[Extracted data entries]
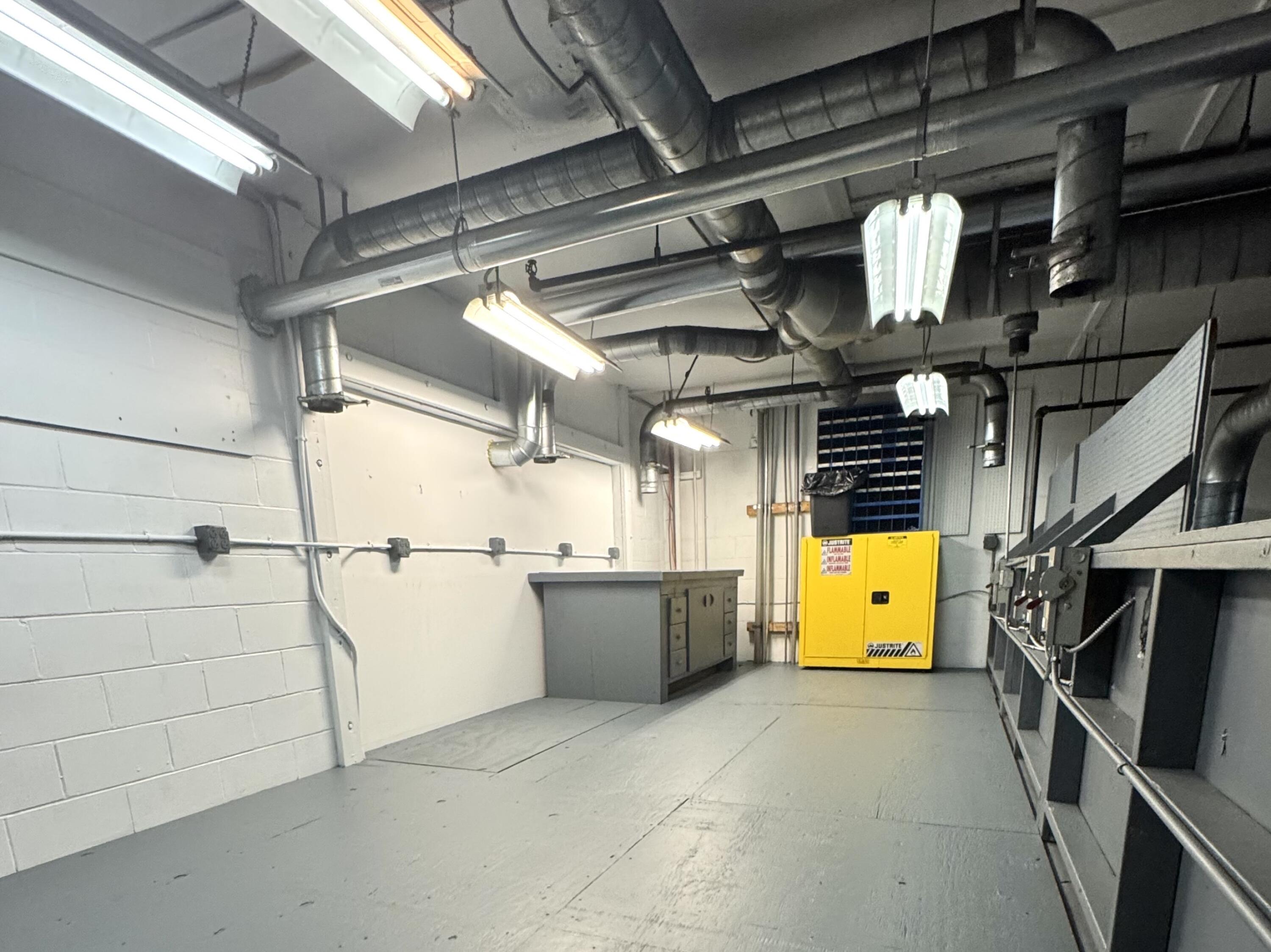 7 Enterprise Street, Lewiston, ME, 04240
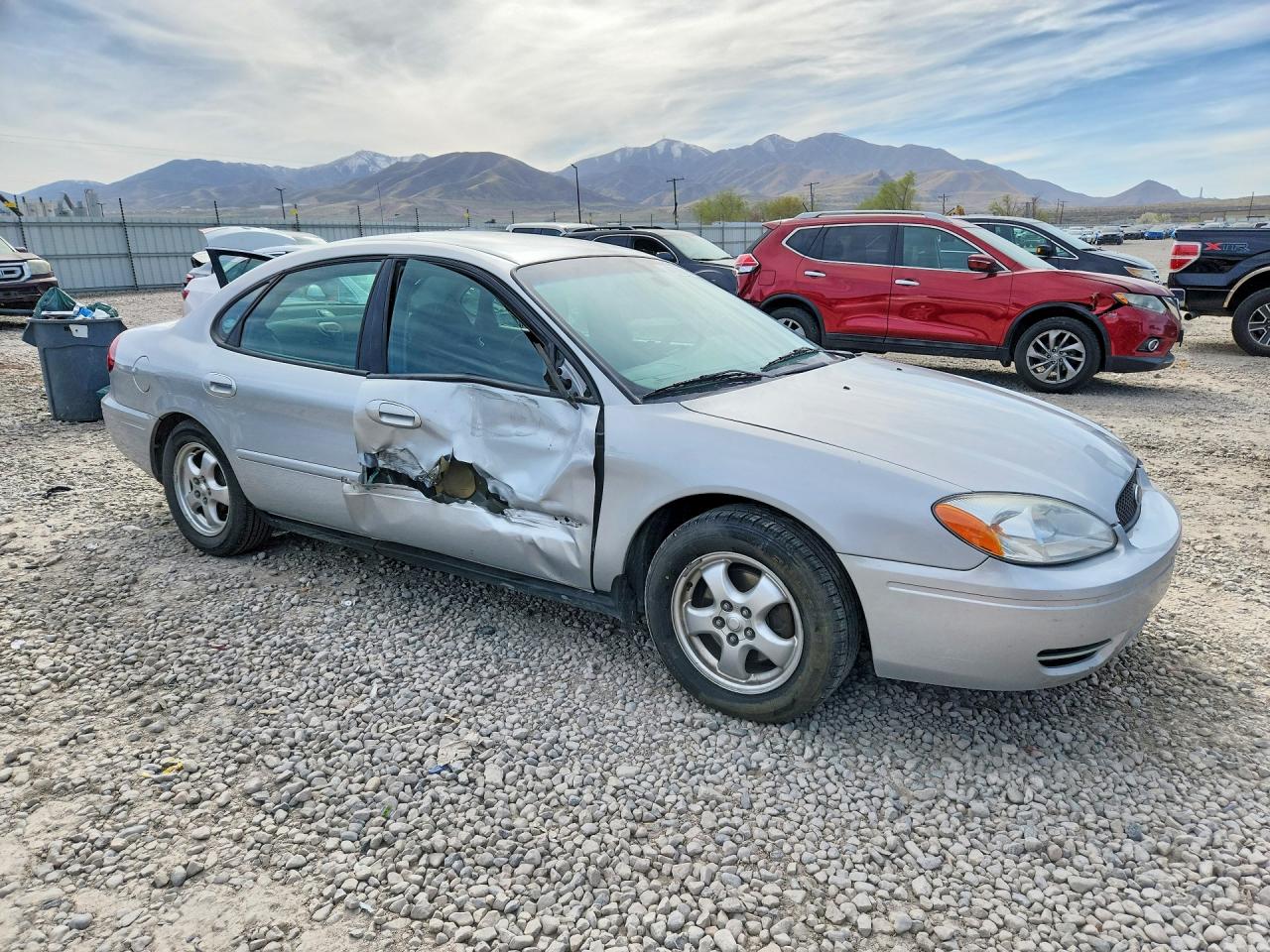 2004 FORD TAURUS SE photo 7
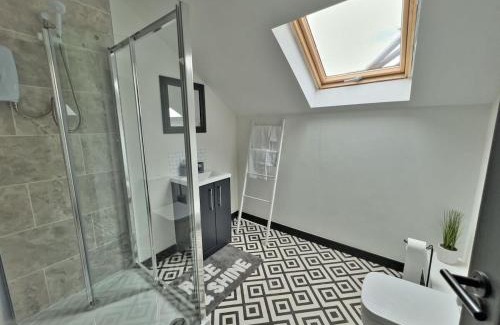 Royal Tunbridge Wells Apartment | Newton's Suite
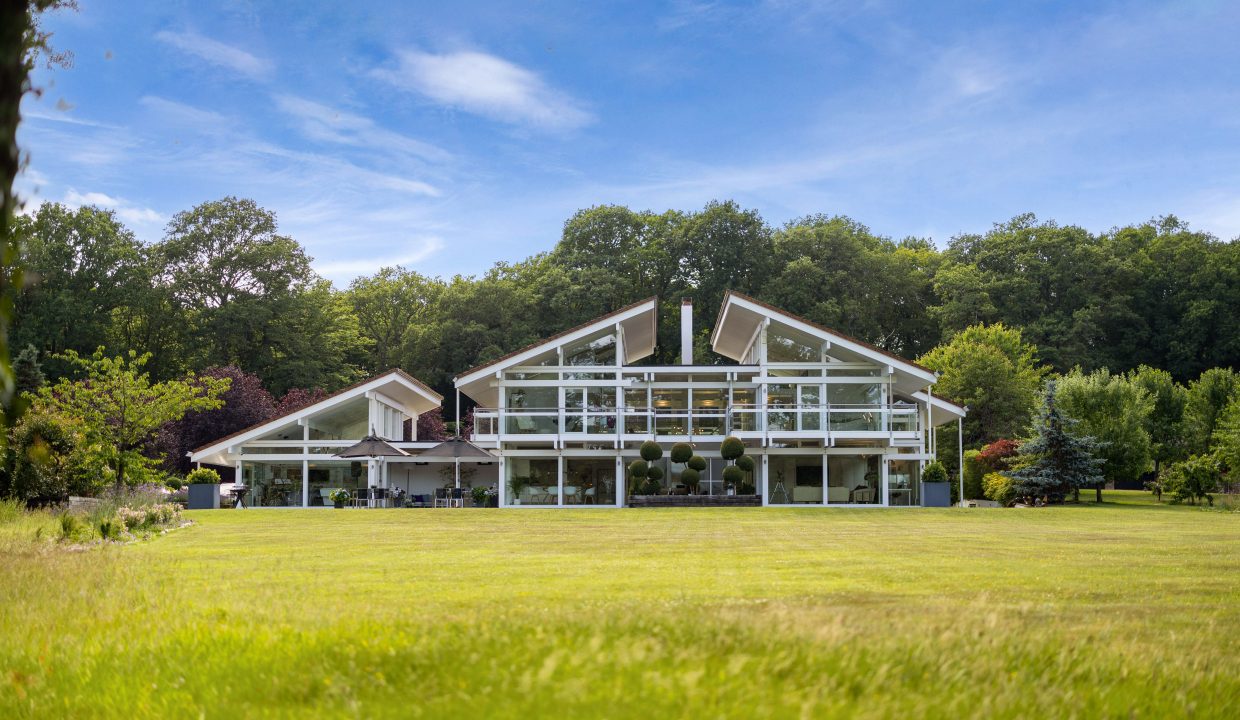 The-Lake-House-The-Forestry-Road-Plaistow (34)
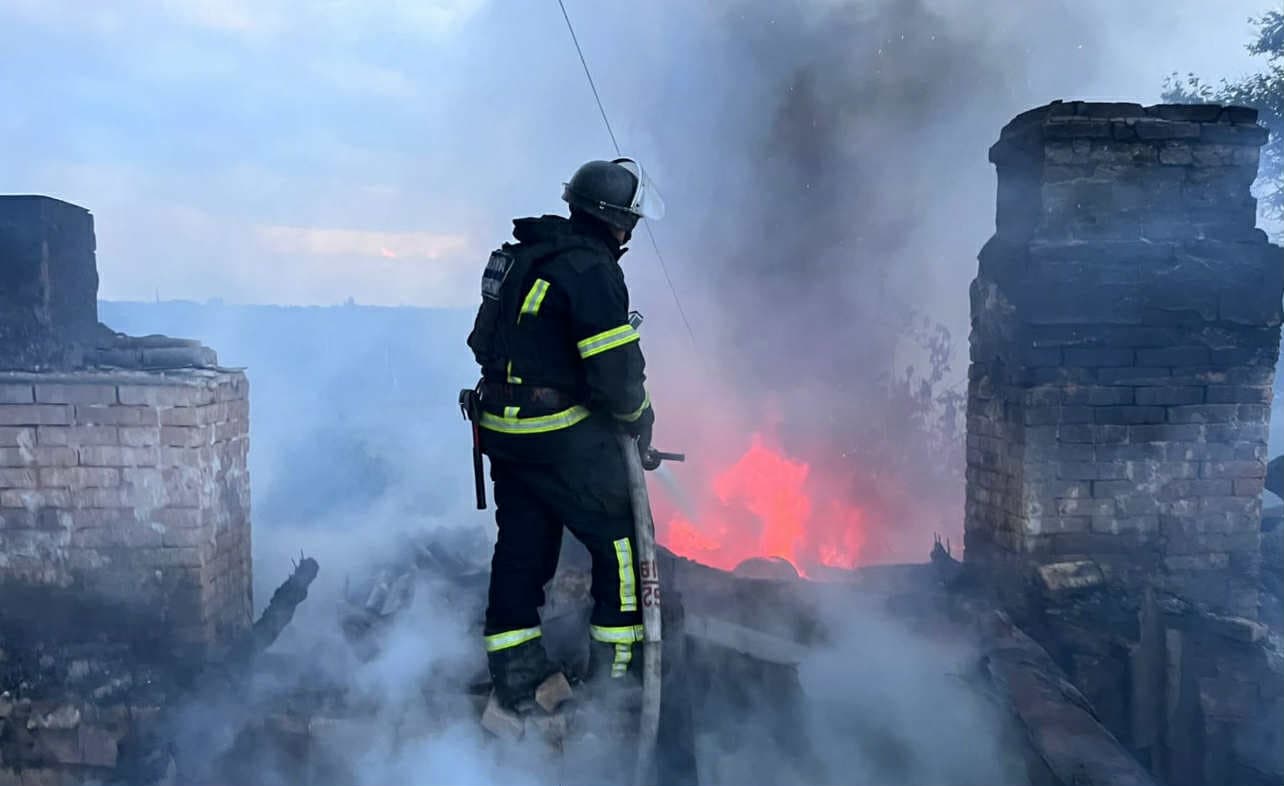 У Добропіллі рятувальники ліквідували пожежу в житловому будинку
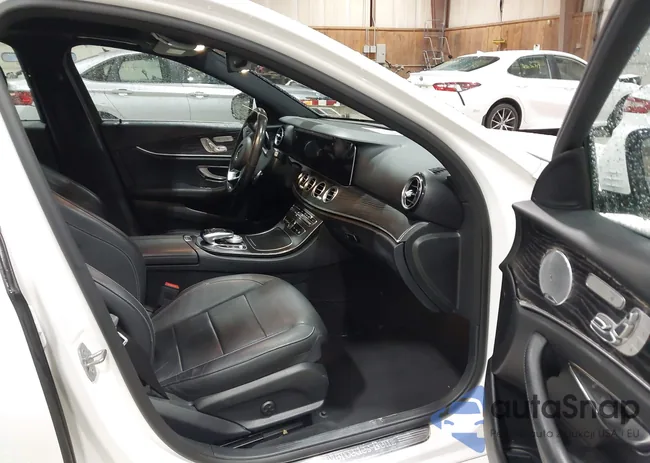 WDDZF4KB0JA392992: 43611427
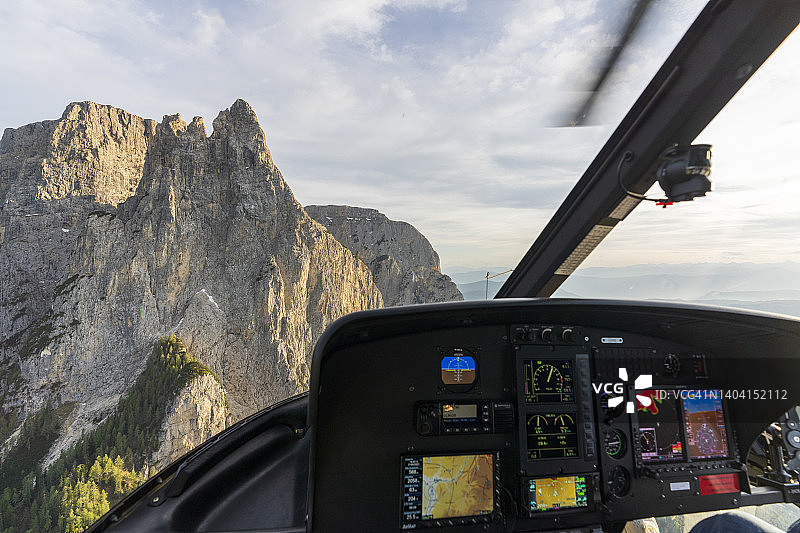 从直升机上俯瞰南蒂罗尔的多洛米蒂山峰图片素材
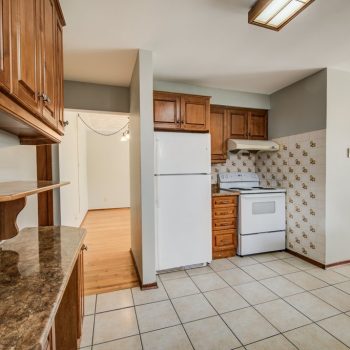 014-85WinterAve_14_m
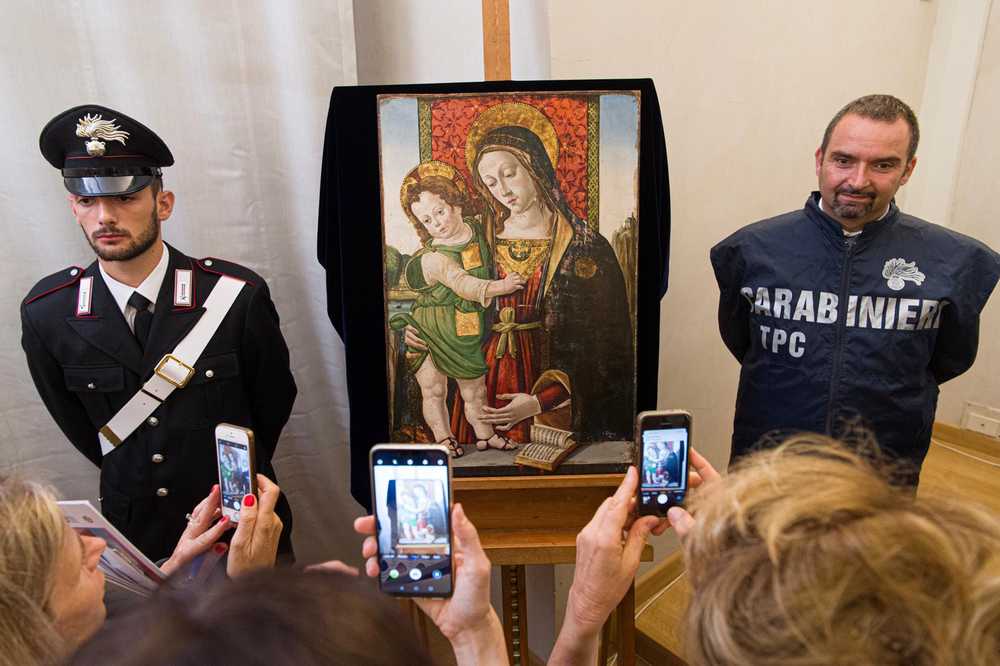 Pinturicchio's <em>Madonna and Child</em> being unveiled the Galleria Nazionale dell'Umbria. Photo courtesy of the Italian Ministry of Culture.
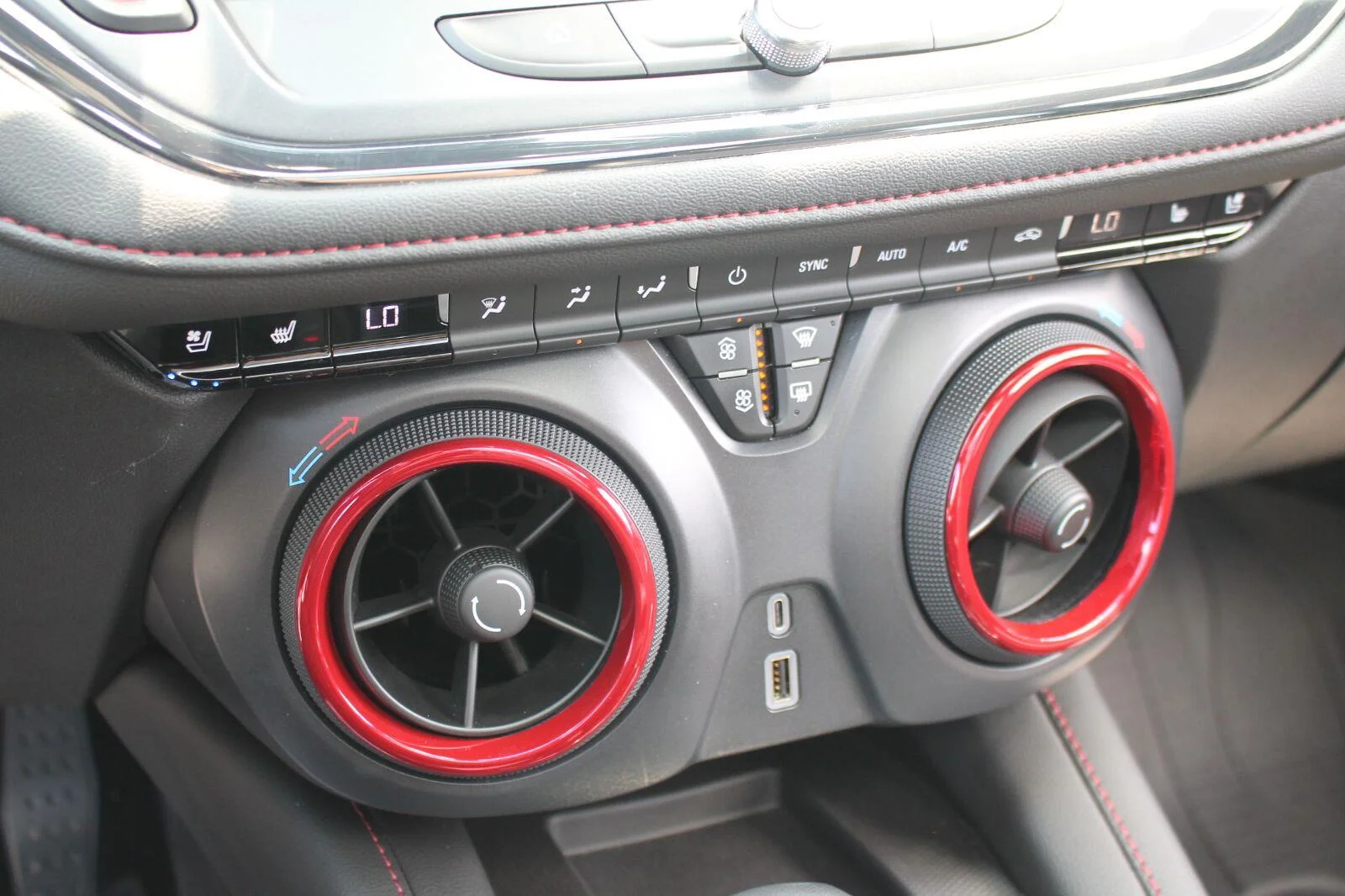 Used 2025 Iridescent Pearl Tricoat Chevrolet RS image 26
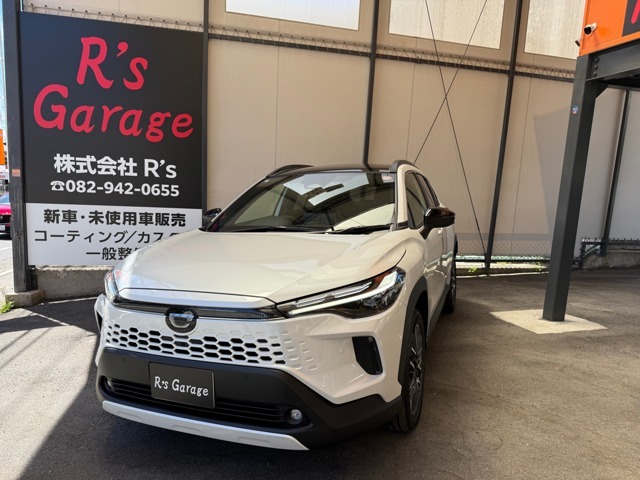 弊社の物件をご覧いただき、ありがとうございます。今回、ご紹介させていただくのは新型カローラクロスハイブリッドとなります。ボディカラーはプラチナホワイトパールマイカとなります。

Exercise —
Return all of the records above exactly as written. Omit each picture.

Finished task —
 7 Enterprise Street, Lewiston, ME, 04240
 2004 FORD TAURUS SE photo 7
 Royal Tunbridge Wells Apartment | Newton's Suite
 The-Lake-House-The-Forestry-Road-Plaistow (34)
 У Добропіллі рятувальники ліквідували пожежу в житловому будинку
 WDDZF4KB0JA392992: 43611427
 从直升机上俯瞰南蒂罗尔的多洛米蒂山峰图片素材
 014-85WinterAve_14_m
 Pinturicchio's <em>Madonna and Child</em> being unveiled the Galleria Nazionale dell'Umbria. Photo courtesy of the Italian Ministry of Culture.
 Used 2025 Iridescent Pearl Tricoat Chevrolet RS image 26
 弊社の物件をご覧いただき、ありがとうございます。今回、ご紹介させていただくのは新型カローラクロスハイブリッドとなります。ボディカラーはプラチナホワイトパールマイカとなります。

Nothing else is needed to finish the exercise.